Regarding concerns about principal losses on derivatives due to the sharp drop in Hong Kong stocks, he responded, “Most maturities are due from 2024 onward, so the possibility of large-scale losses in the short term is low.” He added, “Currently, securities firms are appropriately preparing for potential margin calls by expanding foreign currency funds and establishing foreign currency funding contingency plans.” He also said, “If the index decline continues, we will strengthen monitoring to prepare for possible investor losses and continuously check securities firms’ foreign currency liquidity holdings and foreign currency funding contingency plans.”

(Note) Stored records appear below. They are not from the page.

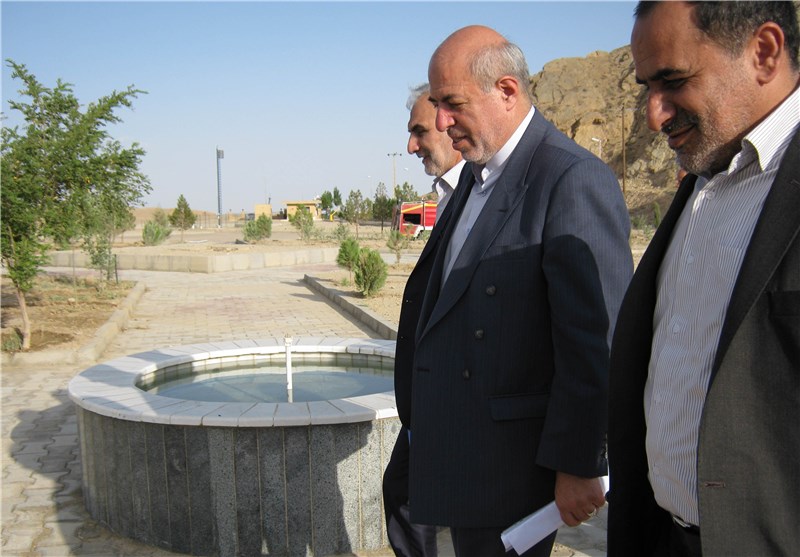 وزیر نیرو از طرح فاضلاب شهری خرمدره بازدید کرد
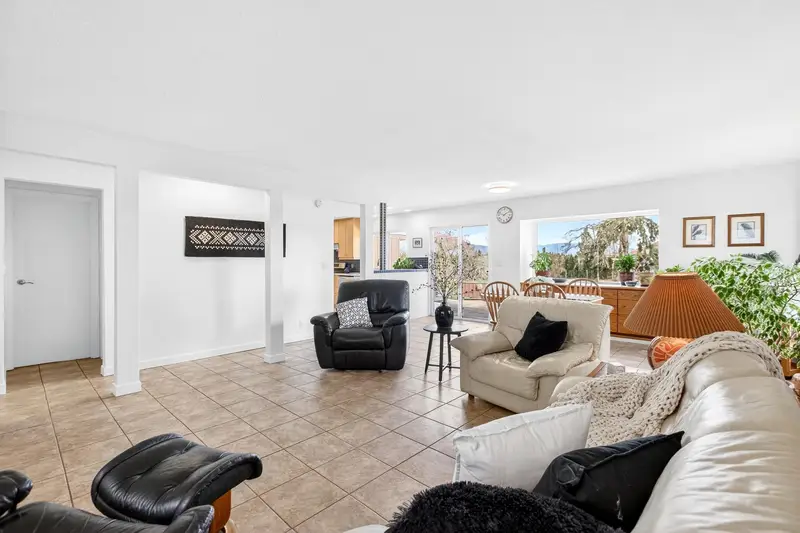 17515 FORD ROAD DETOUR - photo 4 of 25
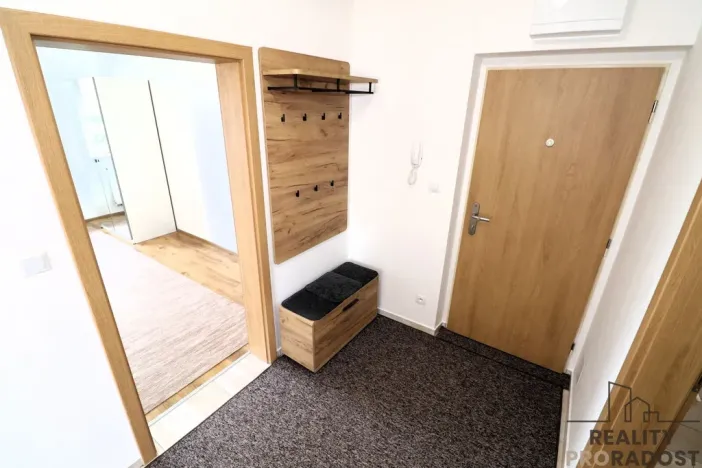 Pronájem bytu 2+kk, Brno - Žebětín, Novodvorská, 79 m2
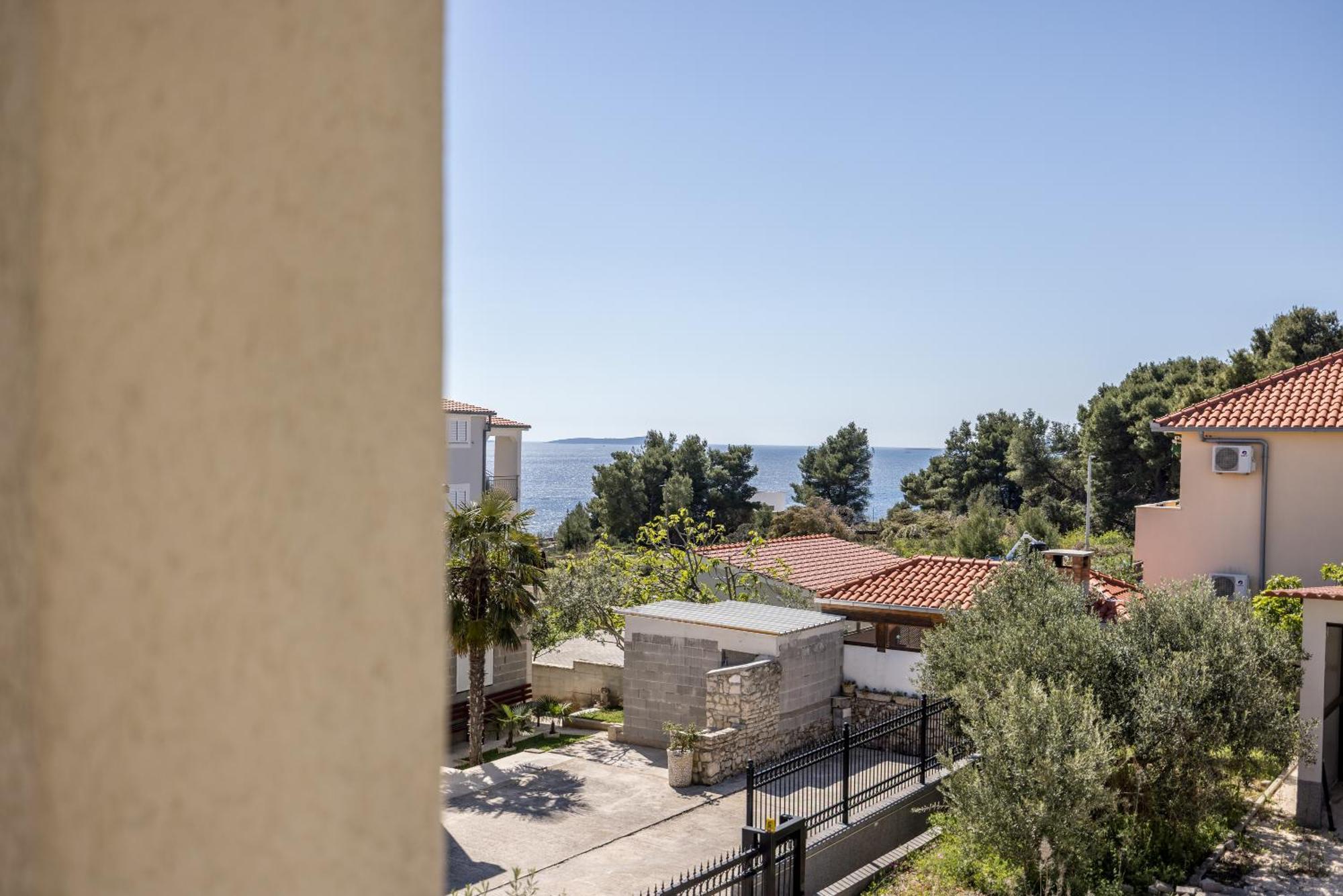 Apart Sa Terasom 250M Od Plaze,Parking,Wi Fi,Rostilj Trogir Ngoại thất bức ảnh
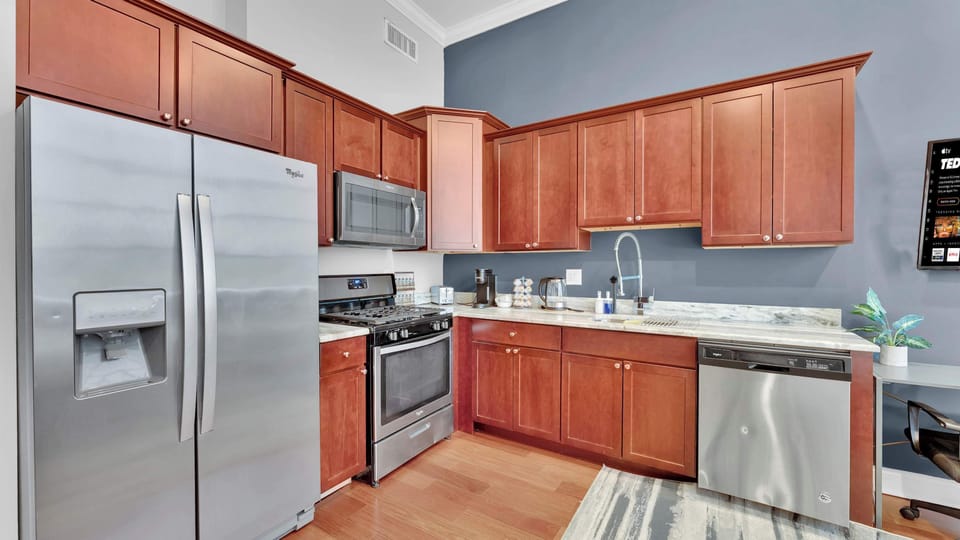Full Kitchen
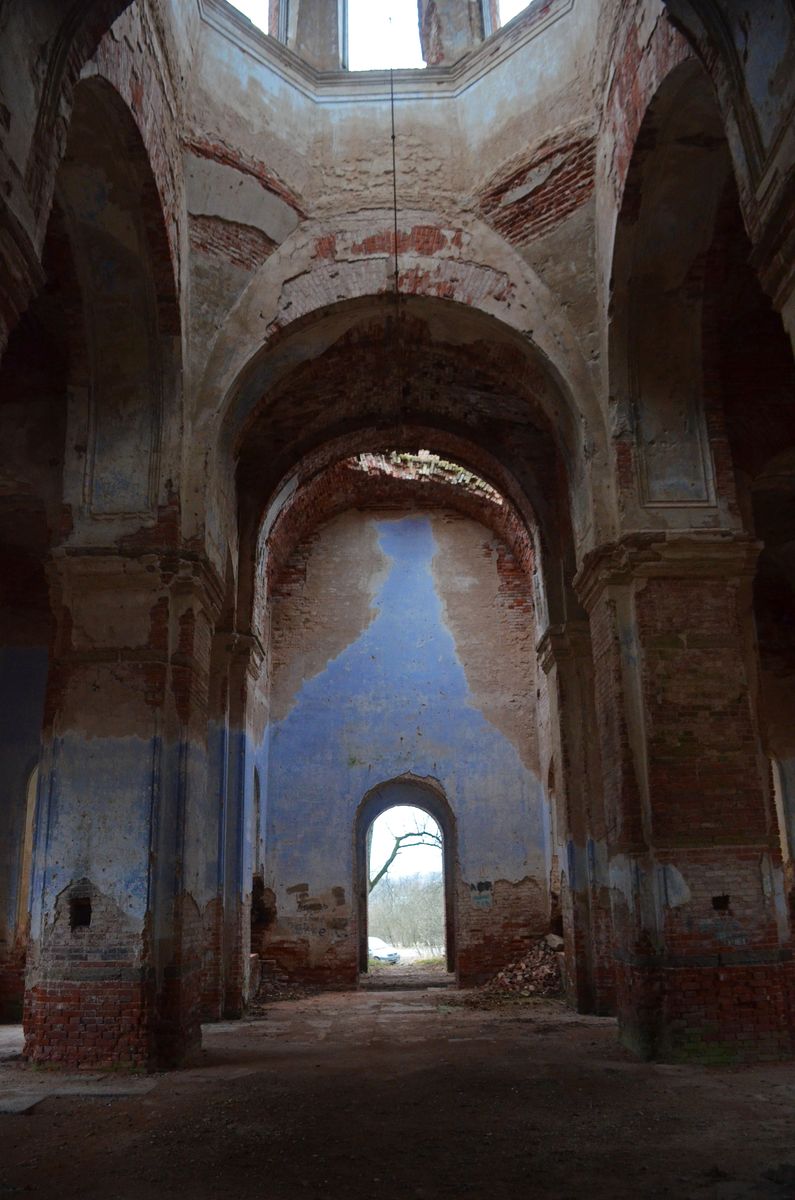 Церковь Покрова Пресвятой Богородицы, Югостицы (Лужский район, Ленинградская область). интерьер и убранство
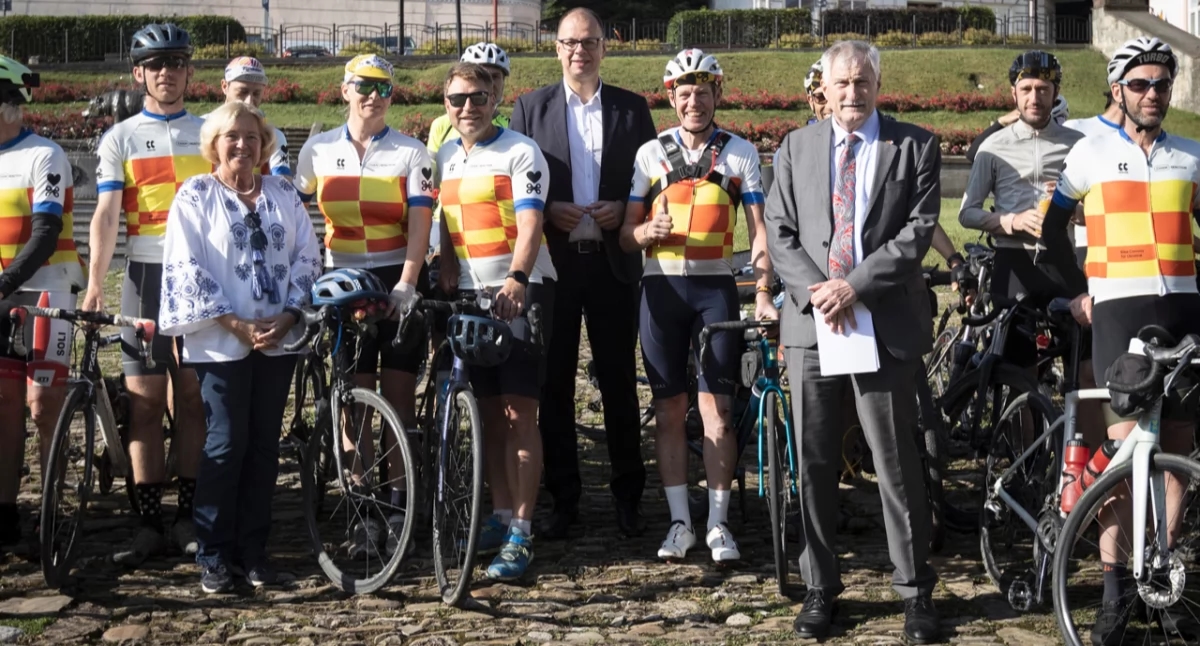 Solidariteitsfietskonvooi [FOTO'S]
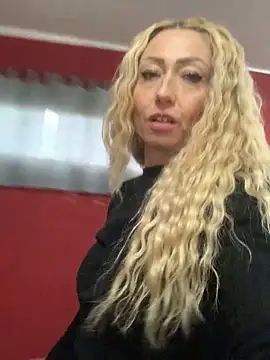 Snapshot of harleyejoker1 chatting on 02-03-26, 11:48 harleyejoker1 online show from 02-03-26, 11:48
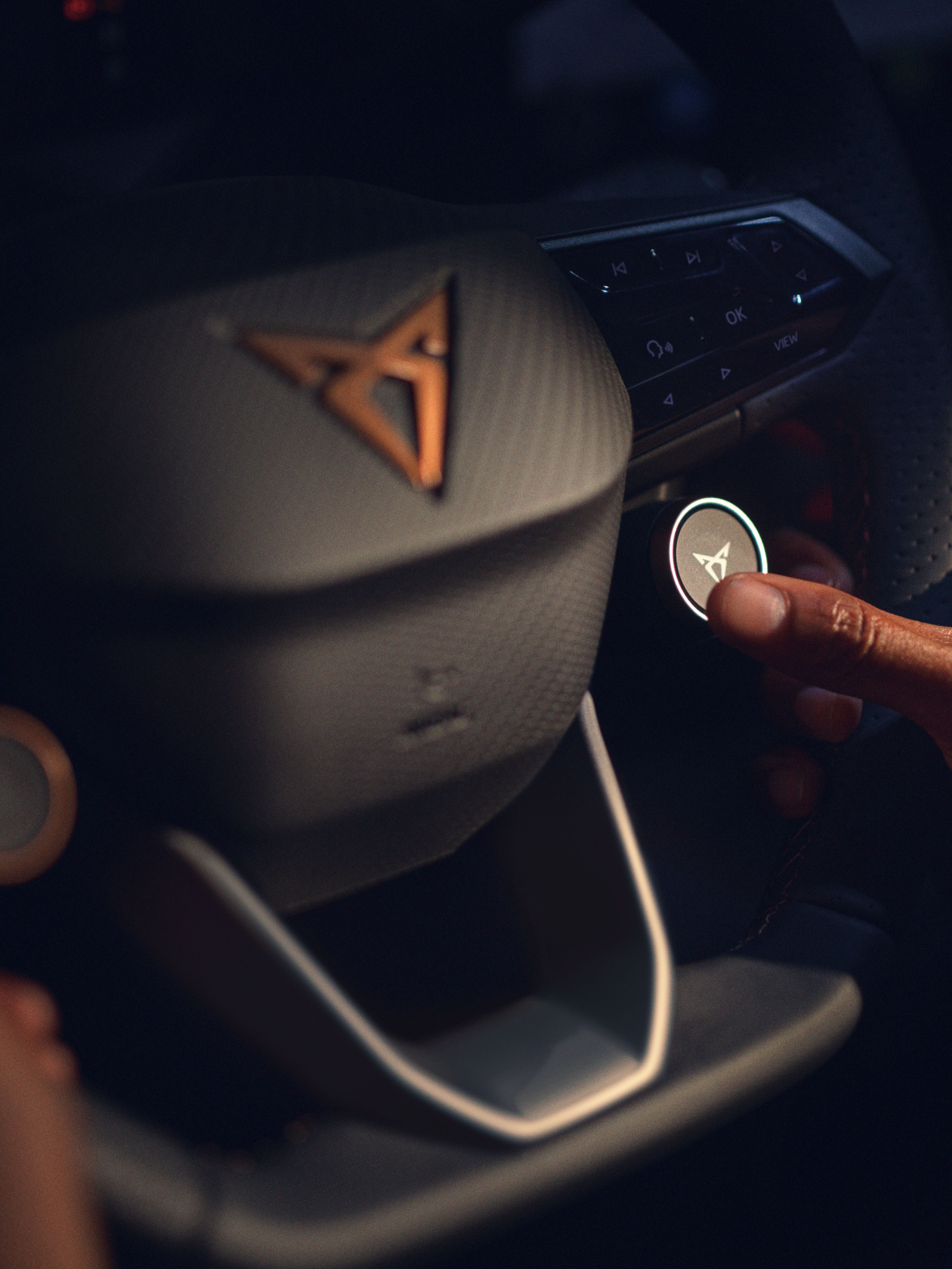 Blick auf zwei Hände, die das Lenkrad eines CUPRA Born bedienen.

He further stated, “Another task for the financial authorities is to establish an institutional foundation to create a favorable environment for foreign investment in the Korean financial market.” He promised, “We will enhance the global consistency of the Korean financial market and expand its scope through regulatory rationalization such as improving foreign investment systems.” He mentioned, “We will take this as a good opportunity to improve unreasonable factors and the overall structure of the Korean financial market so that it can be an attractive market from the perspective of the global financial industry.”





This content was produced with the assistance of AI translation services.